Work item>
Before copying, set the images aside; then transcribe every entry below exactly.

Data section START

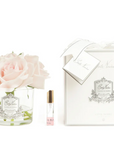 French Perfume Roses - Five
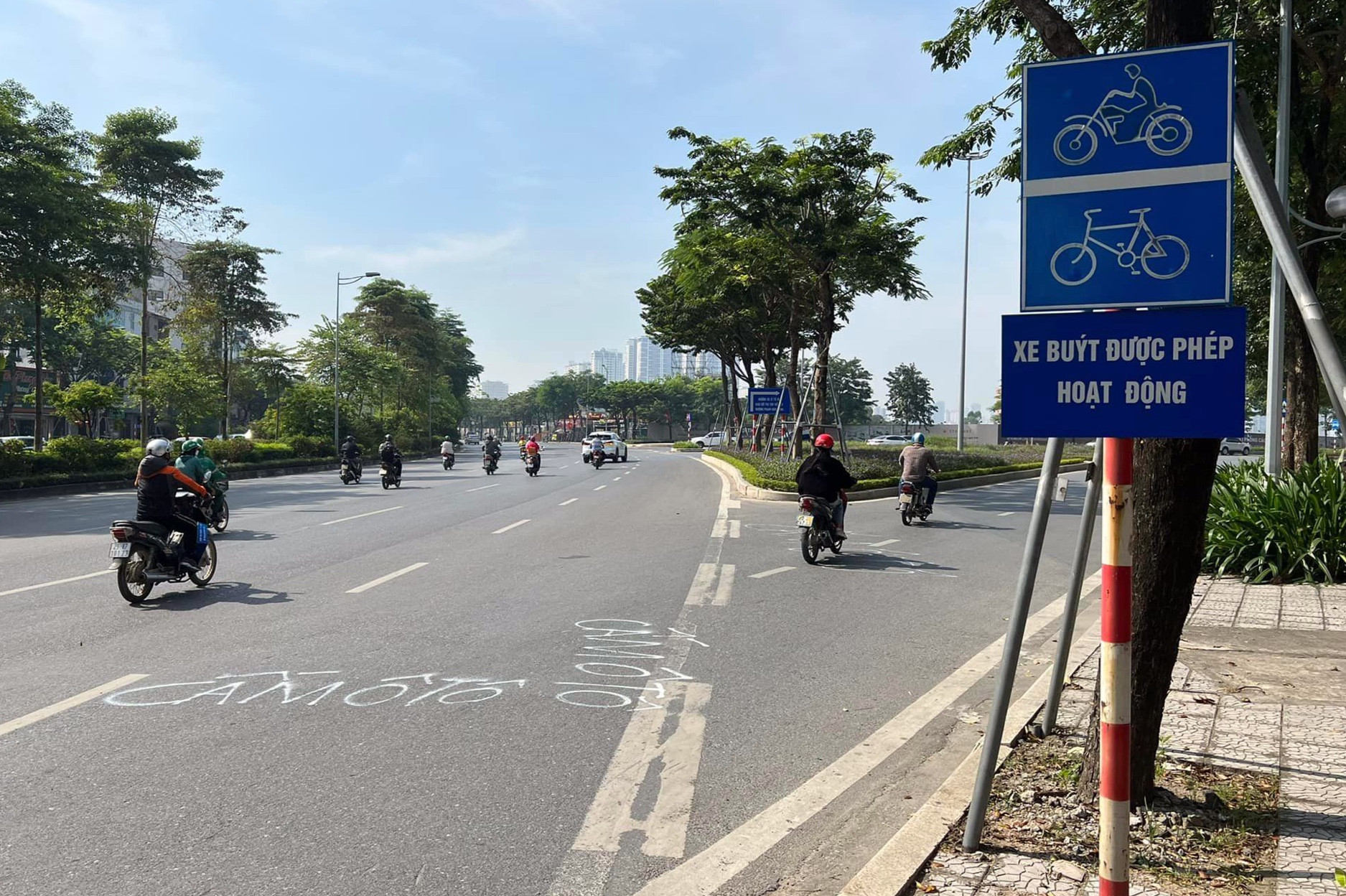 Đường 4 Làn Xe Xuyên Rừng Mã Đà: Kiến Nghị Mới Từ Đồng Nai Đến Bình Phước Đường 4 Làn Xe Xuyên Rừng Mã Đà: Kiến Nghị Mới Từ Đồng Nai Đến Bình Phước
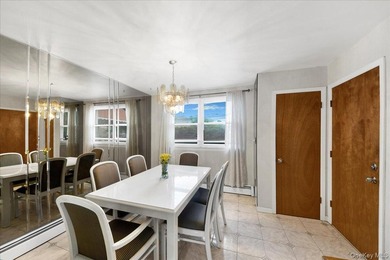 Welcome to 2810 Harding Ave in the vibrant community of Throggs - photo 6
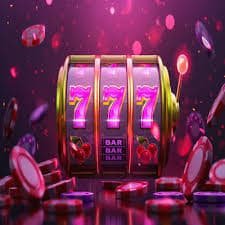 svn288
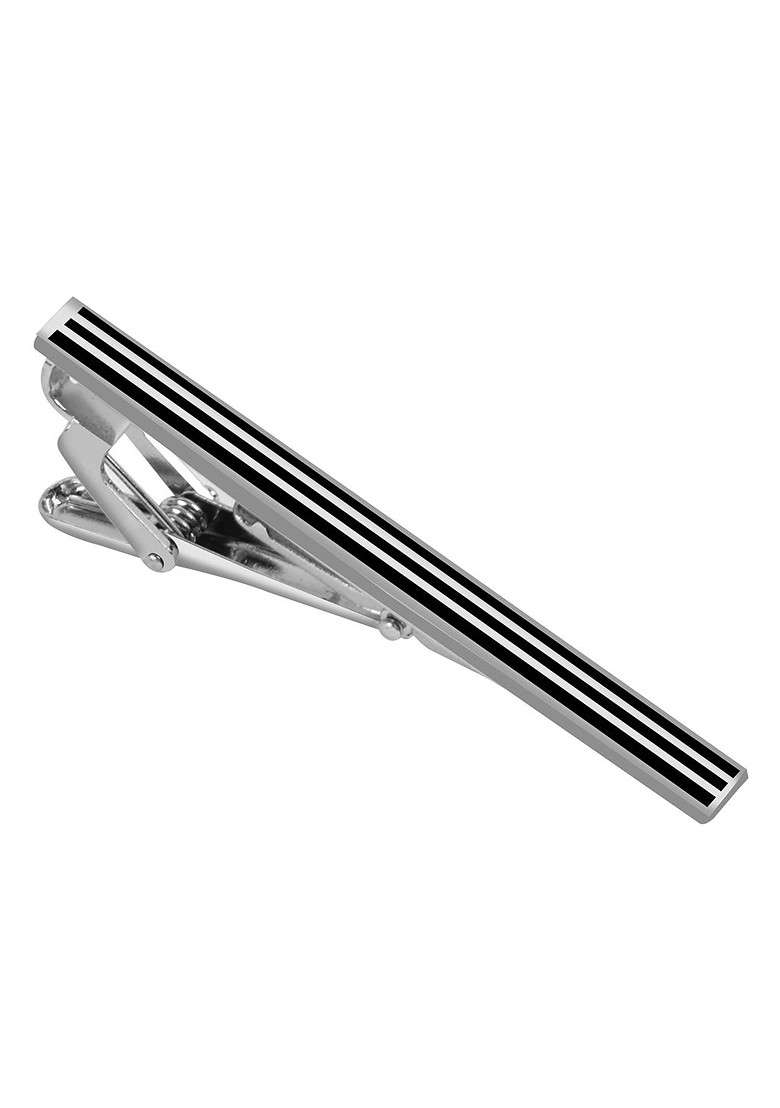 Men Statement Tie Pin - Indya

Data section END

Result of this task>
 French Perfume Roses - Five
 Đường 4 Làn Xe Xuyên Rừng Mã Đà: Kiến Nghị Mới Từ Đồng Nai Đến Bình Phước Đường 4 Làn Xe Xuyên Rừng Mã Đà: Kiến Nghị Mới Từ Đồng Nai Đến Bình Phước
 Welcome to 2810 Harding Ave in the vibrant community of Throggs - photo 6
 svn288
 Men Statement Tie Pin - Indya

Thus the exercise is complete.